Exercise goal
All that is wanted is the line with "I'm going to get" and each line after it to the end of the data below, set down exactly and without pictures.

Raw data

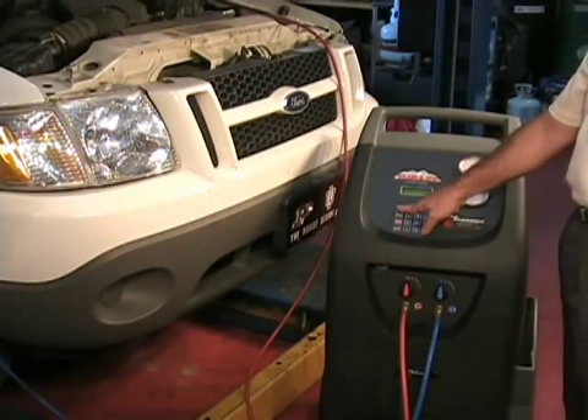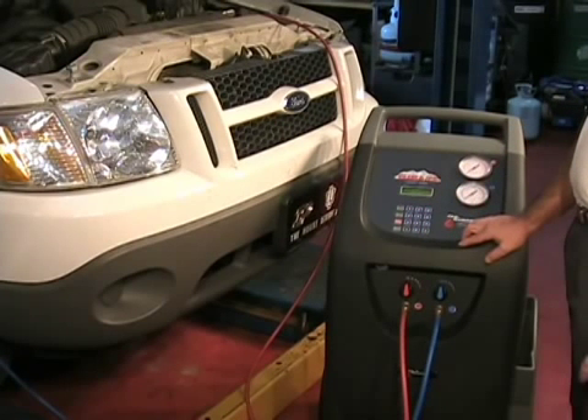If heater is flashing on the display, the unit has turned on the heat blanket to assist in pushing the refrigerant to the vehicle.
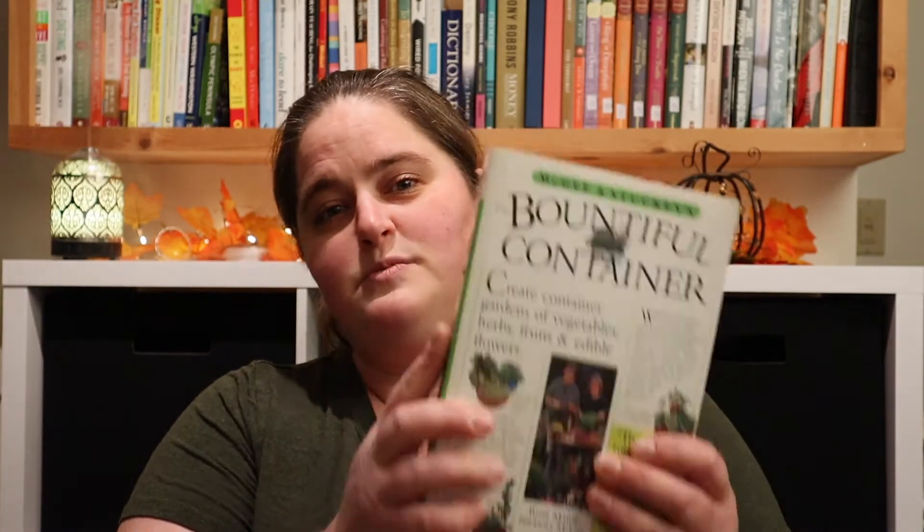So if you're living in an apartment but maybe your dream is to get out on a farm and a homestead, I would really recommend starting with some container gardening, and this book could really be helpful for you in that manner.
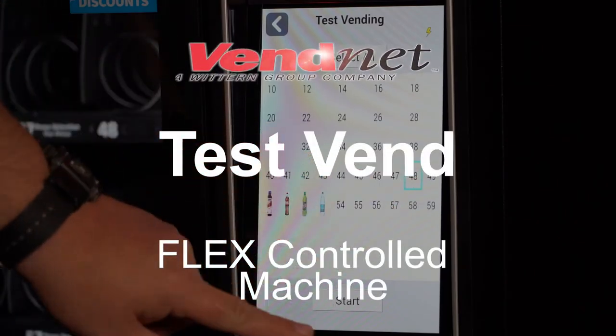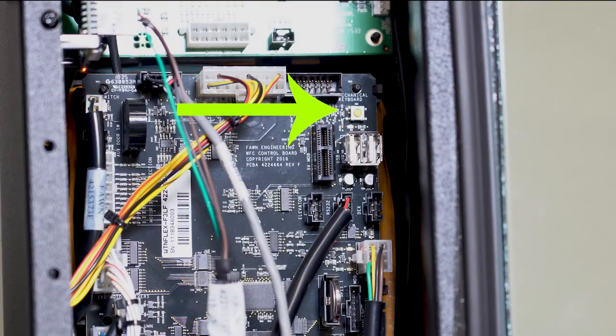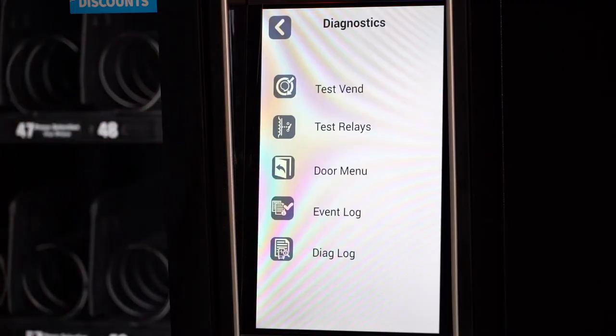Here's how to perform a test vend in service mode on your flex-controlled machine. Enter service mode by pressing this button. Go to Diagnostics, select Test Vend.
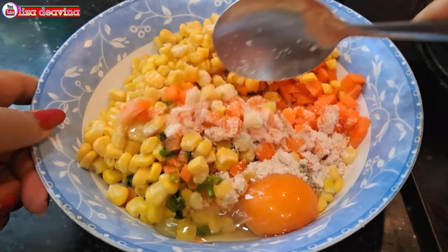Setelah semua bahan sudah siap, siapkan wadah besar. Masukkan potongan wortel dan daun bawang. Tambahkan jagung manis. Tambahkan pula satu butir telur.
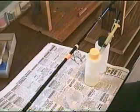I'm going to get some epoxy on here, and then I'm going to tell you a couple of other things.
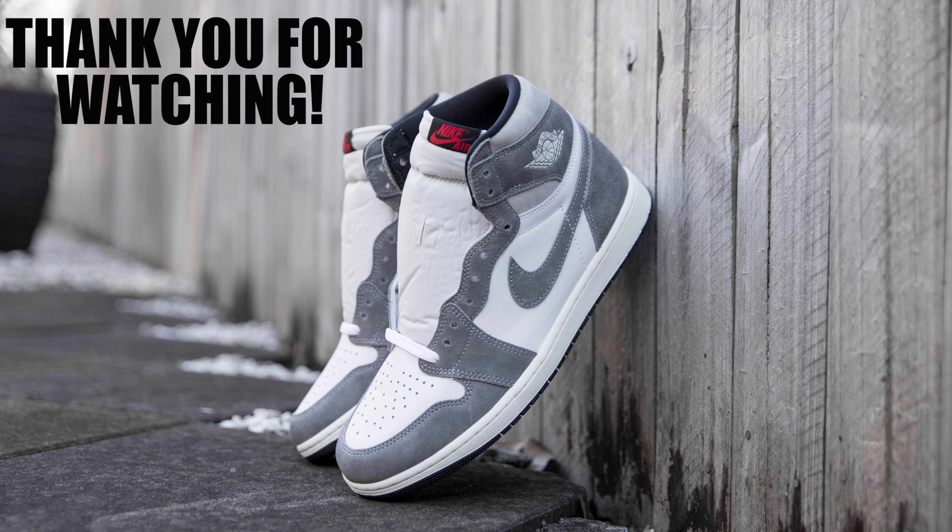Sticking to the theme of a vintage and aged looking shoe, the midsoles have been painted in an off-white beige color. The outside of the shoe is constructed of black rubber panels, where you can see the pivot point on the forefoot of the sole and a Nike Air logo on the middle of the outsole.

Written response
I'm going to get some epoxy on here, and then I'm going to tell you a couple of other things.
Sticking to the theme of a vintage and aged looking shoe, the midsoles have been painted in an off-white beige color. The outside of the shoe is constructed of black rubber panels, where you can see the pivot point on the forefoot of the sole and a Nike Air logo on the middle of the outsole.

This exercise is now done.